Frame Game

Republican Class Warfare

GOP candidates preach progressive taxation and social mobility while bashing Obama for the same thing.

Karl Marx

(John Mayall)

At the start of last night’s Las Vegas presidential debate, Newt Gingrich sounded a theme that nearly every Republican candidate has used against President Obama. “When I am president,” Gingrich promised, “we’re going to replace class warfare with cooperation.”

And then, for nearly two hours, the Republican candidates waged class warfare.

The first shot came from Rick Santorum. It was aimed at Herman Cain’s 9-9-9 tax plan. Santorum cited an analysis by the Tax Policy Center, which concluded that the plan would cut taxes on the top 20 percent of earners but raise taxes on the bottom 80 percent. Santorum objected: “When you don’t provide a standard deduction, when you don’t provide anything for low-income individuals, and you have a sales tax and an income tax and, as Michele said, a value-added tax, which is really what his corporate tax is, we’re talking about major increases in taxes on people.”

When you don’t provide anything for low-income individuals. In other words, the lower class deserves a break so that it doesn’t pay the same rate as the upper class.

Cain rejected this criticism, explaining, “We do provide a provision, if you read the analysis, something we call opportunity zones, that will, in fact, address the issue of those making the least.” According to Cain’s Web site, the plan “features a platform to launch properly structured Empowerment Zones to renew our inner cities.” These zones “will offer deductions” from the plan’s “9% Business Flat Tax” and its “9% Individual Flat Tax.” So the taxes aren’t really flat. If you live or work in a struggling inner-city neighborhood—i.e., if you’re lower-class or underclass—you get a better rate.

That answer didn’t satisfy Ron Paul. “The worst part about” Cain’s plan, he argued, was that “it’s regressive. A lot of people aren’t paying any taxes, and I like that.” The 9-9-9 plan, Paul repeated, “is a regressive tax.”

In last week’s debate, Mitt Romney advocated a class-based approach to tax cuts. “If I’m going to use precious dollars to reduce taxes,” he said, “I want to focus on where the people are hurting the most, and that’s the middle class. I’m not worried about rich people.” In last night’s debate, he repeated that message. “I want to reduce taxes on middle income families,” he told Cain. “Middle income people see higher taxes under your plan. If it’s lower for the middle class, that’s great. But that’s not what I saw.”

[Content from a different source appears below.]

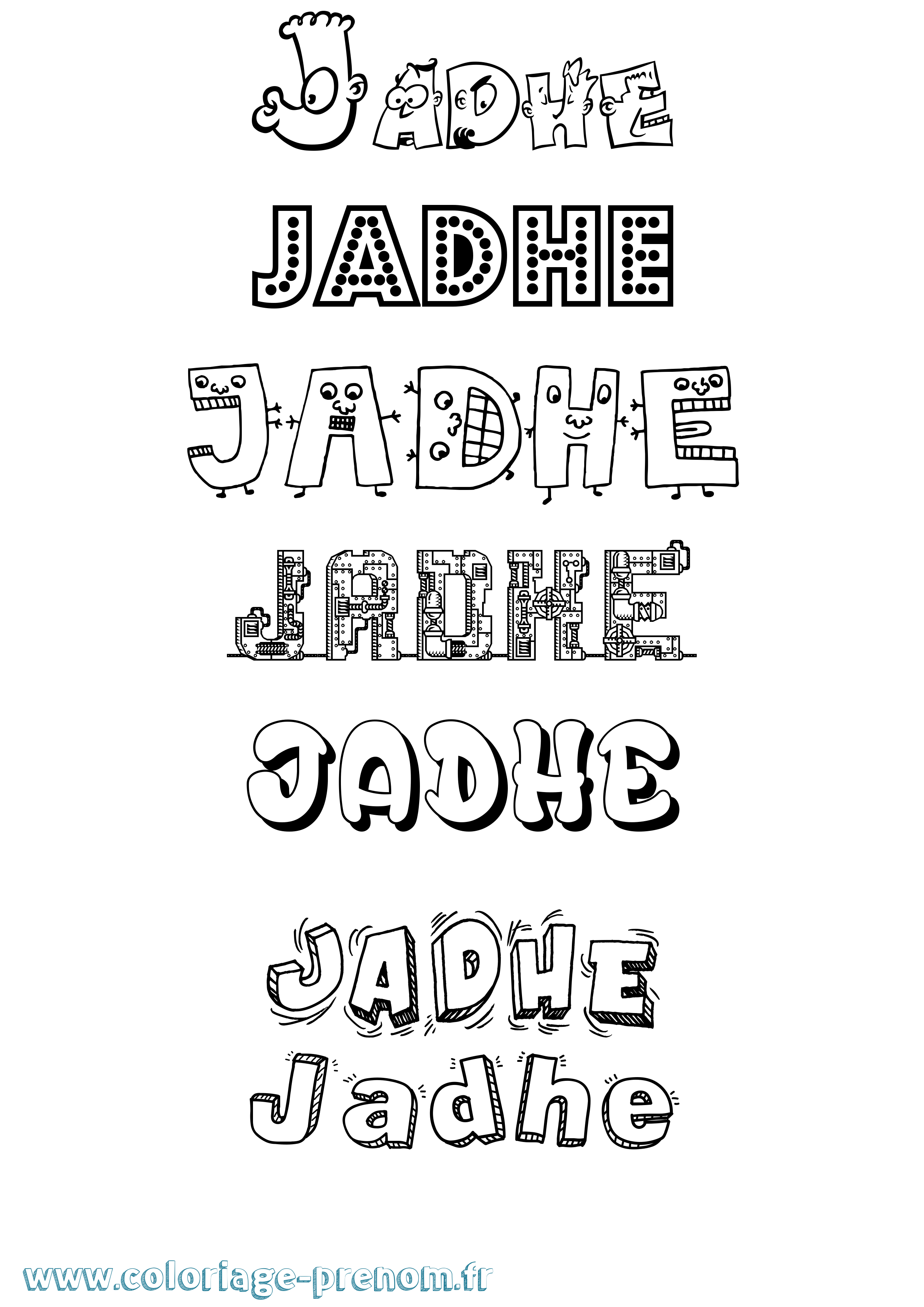 Coloriage Jadhe Fun Coloriage prénom Jadhe Fun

When the debate moved on from tax cuts to job creation, Santorum boasted:

I’ve put forward the plan that’s going to allow for income mobility. That’s a new term, but I’ve been using it for a long time, which is people at the bottom part of the income scale being able to rise in society. Believe it or not, studies have been done that show that in Western Europe, people at the lower parts of the income scale actually have a better mobility going up the ladder now than in America. … And that’s why I focus all of the real big changes in the tax code at manufacturing.

In Western Europe, people at the lower parts of the income scale actually have a better mobility going up the ladder now than in America. That’s a critique of entrenched class structure combined with a slam at the U.S. vis-à-vis Europe. If Obama had said it, every Republican presidential candidate would have called him an anti-American Marxist. Yet none of them uttered a peep in response to Santorum’s remarks.

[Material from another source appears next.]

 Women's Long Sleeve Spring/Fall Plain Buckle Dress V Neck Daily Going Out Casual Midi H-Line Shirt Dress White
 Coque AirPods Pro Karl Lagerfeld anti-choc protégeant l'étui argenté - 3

When the debate moved on to the 2008 bailout, Paul protested:

Guess who they bailed out? The big corporations of people who were ripping off the people in the derivatives market. And they said, “Oh, the world’s going to come to an end unless we bail out all the banks.” … But who got stuck? The middle class got stuck. They got stuck. They lost their jobs, and they lost their houses. If you had to give money out, you should have given it to people who were losing their mortgages, not to the banks.

So, to summarize Paul’s philosophy: Taxes are bad, but more so if they apply to the lower class. And bailouts are bad, but less so if they target the middle class.

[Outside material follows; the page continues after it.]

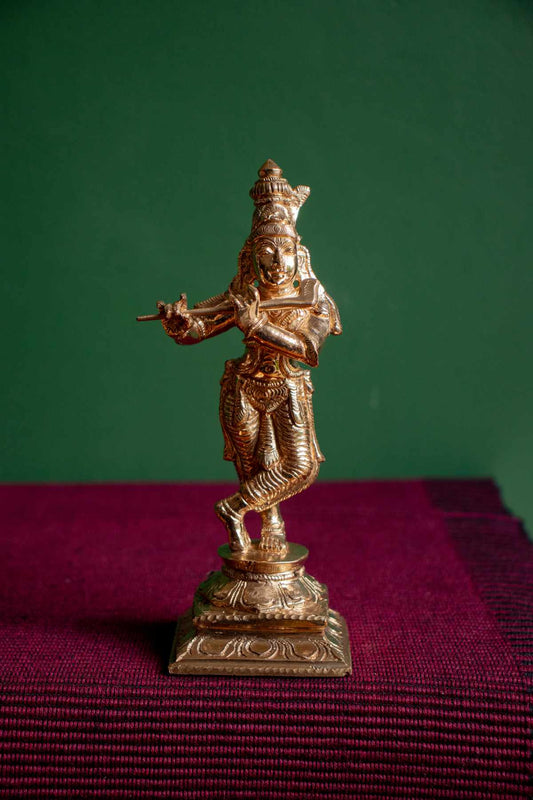 SAMA Homes - krishna with flute panchaloha idol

In the debate’s closing moments, Cain took a final shot at Romney: “There’s one difference between the two of us in terms of our experience. With all due respect, his business executive experience has been more Wall Street-oriented. Mine has been more Main Street. I have managed small companies. I’ve actually had to clean the parking lot.”

Apparently, in this presidential election, it’s a liability not just to have served in public office, but also to have run a big company. It’s an asset, on the other hand, to have held the most menial job.

I’m not suggesting, of course, that the Republicans are actually Marxists. They’re just speaking up for compassion, social mobility, and progressive taxation. There’s nothing wrong with that. What’s wrong is crying “class warfare” when Obama does the same thing.